Taya X: Serpiente venenosa que temían mucho los campesinos de Capira. La “taya X” se “enchipaba” a los pies de las matas viejas de plátano, o se mimetizaba con las hojas secas de los árboles. Yo vi de niño cómo mi tío Ulises mató varias con su machete y de él supe que por su tinte marrón resultaba fácil confundirla con el color terroso de los caminos. Misael, el compañero de mi abuela Hermelinda, la llamaba “cuatro narices” y otros jornaleros la distinguían como “la pudridora”. En Capira y otras veredas aledañas se tenía la creencia de que si se fumaba chicote, ese olor espantaba a la mapaná.

Yo-yo: Juguete que, en la década del 70, era el furor en los colegios, las casas y los parques.

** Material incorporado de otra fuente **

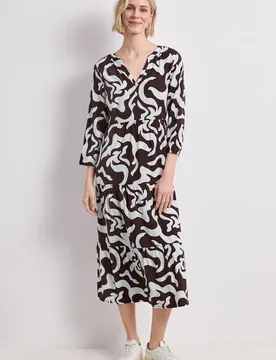 Midi-Kleid mit Split Neck und Print female Braun - Street One - FashionsVida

No había persona que no realizara “el perrito mordelón”, “el columpio”, “el dormilón”, “la vuelta al mundo”. Bastaban dos tapas de plástico y una piola –semejante a la usada en los lances del trompo– para crear pequeñas competiciones en grupo. La mayor aspiración de todos los aficionados a esta entretención era conseguir uno yo-yo profesional, el Russell de tapas rojas de Coca-Cola.

Zurriago: Palo con una delgada correa de cuero que servía de bastón, de látigo para arrear las mulas y de recurso para espantar los perros.  Se elaboraba generalmente de una madera dura como el guayacán o chicalá y el hueco por donde pasaba la correa se hacía con un chuzo de hierro caliente. Este perrero formaba parte, junto a la peinilla, del atuendo común de todos los habitantes de Capira y, en muchas ocasiones, los papás lo usaban para zurrar a sus hijos. En mi casa hay dos: uno que le regaló mi tía Beatriz a mi madre, recién supo de su cojera por la artrosis degenerativa; y otro, que mi tío Ulises me dio como herencia de sus posesiones más queridas.